The measure approved Aug. 28 simply OK’d the installation of three new monitoring wells at no cost to the city, with the wells to be approved by the city’s director of Public Works. Because monitoring is not mitigation, the action did not satisfy Hosmer and Horton’s desire for finality.
Maxwell told council that in his professional opinion, the spread of TCE was not expanding, and he said cleanup is ongoing at the site.
TCE has shown up in the groundwater at the Springfield-Branson National Airport, even though the solvent was not used in airport operations, according to airport spokesperson Kent Boyd. The Litton factory was located immediately adjacent to the airport. When Missouri DNR asked Northrop Grumman to do something about the contamination, officials responded that other companies used TCE and may have been responsible for the contamination, the Independent reported. However, a 1993 Environmental Protection Agency report estimated that Litton dumped 193.8 million gallons of wastewater into pits and sinkholes on its property.
Boyd said the airport receives regular updates from Northrop Grumman on cleanup efforts.

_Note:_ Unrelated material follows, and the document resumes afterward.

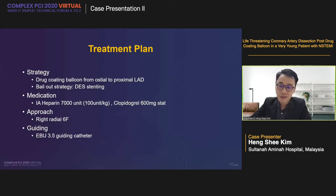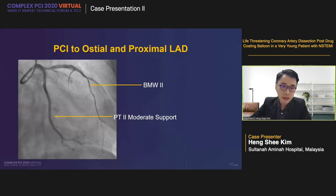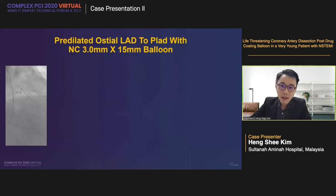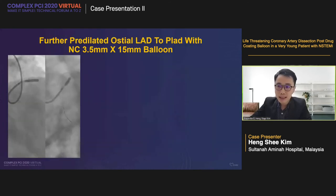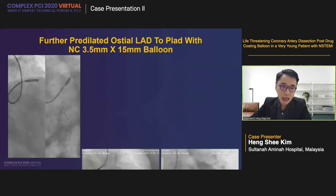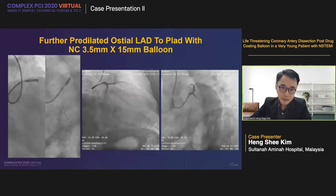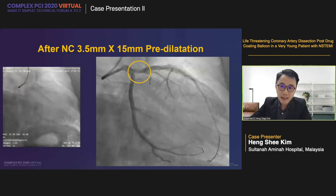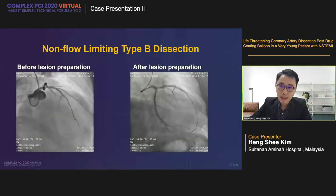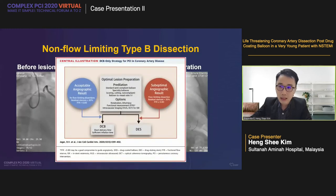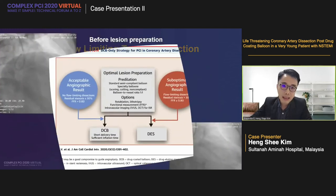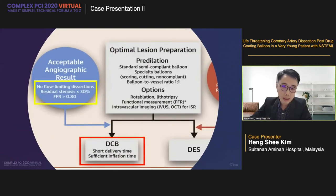We started with intra-arterial heparin 7000 loaded, right 6-French radial approach with an EBU 3.5 guiding catheter, wired to LAD with BMW 2, and PT2 moderate support to the circumflex. We dilated the proximal-to-ostio-LAD with a 3.0×15 non-compliant balloon at nominal pressure, then upsized to NC 3.5×15 at nominal pressure at the proximal and 12 atmospheres at the ostio-LAD. After NC 3.5 pre-dilatation, we noticed a type A to B coronary artery dissection — however, there was still a non-flow-limiting dissection. The residual stenosis was less than 30% with a type A to B dissection.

“The report we hear from them is that they’re still cleaning up and that there’s still pollution there, and it’s going to be there for a while,” he said.
Boyd noted that the former airport terminal was right across the street from the Litton factory.
“One reason we didn’t expand to the east was because it was a Superfund site,” he said.
“We could have conceivably bought that property.”
A June 2022 update by Missouri DNR states Northrop Grumman is developing a final plan for cleanup of groundwater with various options being evaluated and presented for the state agency’s review. The community will be involved in evaluating and selecting a final plan, the report states. Public meetings are slated to be held to provide progress reports, and the Department of Health and Senior Services is drafting a public health consultation to evaluate community exposure to TCE in private well water.
A June 2023 community involvement plan posted on the Missouri DNR website states Northrop Grumman will continue its efforts to refine the extent of impacts from TCE contamination, including further work to define groundwater migration pathways through monitoring wells in the Springfield and Ozark aquifers.
The plan outlines tools for communication, including a dedicated section of the Missouri DNR website.
It reiterates that Missouri DNR will host public informational meetings to receive comments at key times during the cleanup process, but no timeline is indicated.
The document outlines actions that are planned by Northrop Grumman. These include extracting and treating water from the Springfield and Ozark aquifers and discharging treated groundwater into the city’s sanitary sewer system, sampling and analyzing private wells and site-specific monitoring wells, performing additional exploratory borings and groundwater grab sampling, and analysis, collecting and analyzing samples from nearby springs and submitting regular reports to the agency.